Packages and Datasets

This lab will use the ggplot2 package:

# install.packages("ggplot2")
library(ggplot2)

It will also use data from The College Scorecard:

colleges <- read.csv("https://remiller1450.github.io/data/Colleges2019.csv")

Description: The colleges data set contains attributes and outcomes for all primarily undergraduate institutions in the United States with at least 400 full-time students for the year 2019.

\(~\)

How `ggplot2` creates graphics

ggplot2 package builds graphics in a structured manner using layers. Layers are sequentially added to a graph, with each serving a particular purpose, such as:

Displaying raw data
Displaying a statistical summary
Adding metadata (ie: annotations, context, references, etc.)

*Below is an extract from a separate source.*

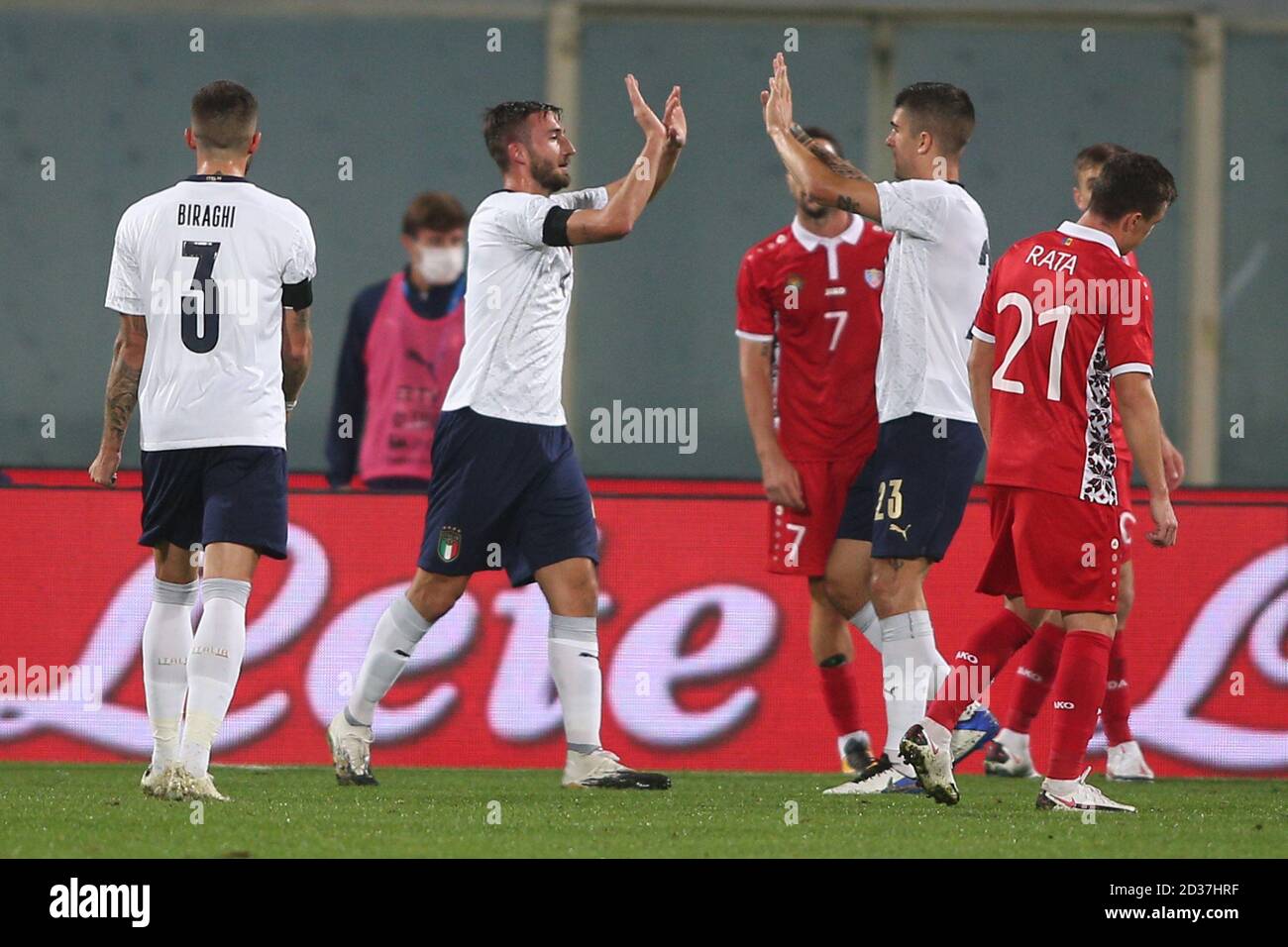 Florenz, Italien. Oktober 2020. Florence 07/10/2020: CRISTANTE, Spinazzola (italien) FEIERT DAS TOR während des Freundschaftsspiels zwischen Italien und Moldawien im Artemio Franchi Stadion in Florenz. Kredit: Unabhängige Fotoagentur/Alamy Live Nachrichten Stockfoto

Consider the following examples:

## Example #1.1 - nothing (just a base layer)
ggplot(data = colleges, mapping = aes(x = Cost, y = Net_Tuition))

## Example #1.2 - add a layer displaying raw data
ggplot(data = colleges, mapping = aes(x = Cost, y = Net_Tuition)) +
  geom_point()

## Example #1.3 - add another layer (smoother)
ggplot(data = colleges, mapping = aes(x = Cost, y = Net_Tuition)) +
  geom_point() +
  geom_smooth()

## Example #1.4 - add another layer (reference text)
ggplot(data = colleges, mapping = aes(x = Cost, y = Net_Tuition)) +
  geom_point() +
  geom_smooth() + 
  annotate("text", x =20000, y=40000, label = "Data from 2019")

Note: A high-quality graphic doesn’t require any particular number of layers. In fact, more layers can sometimes detract from the clarity of a data visualization.

\(~\)

More on the base layer

The mapping and data arguments provided in the base layer are carried forward to all subsequent layers (which is often desirable). However, we can avoid this behavior.

## Example #2.1
ggplot(data = colleges, mapping = aes(x = Cost, y = Net_Tuition, color = Region)) +
  geom_point()

## Example #2.2 (local override of color aesthetic)
ggplot(data = colleges, mapping = aes(x = Cost, y = Net_Tuition, color = Region)) +
  geom_point(color = "red")

Specifying aesthetics locally within layers:

## Example #3.1
ggplot(data = colleges) +
  geom_point(mapping = aes(x = Cost, y = Net_Tuition)) 

## Example #3.2
ggplot(data = colleges) +
  geom_point(mapping = aes(x = Cost, y = Net_Tuition)) +
  geom_point(mapping = aes(x = Cost, y = Enrollment), color = "red")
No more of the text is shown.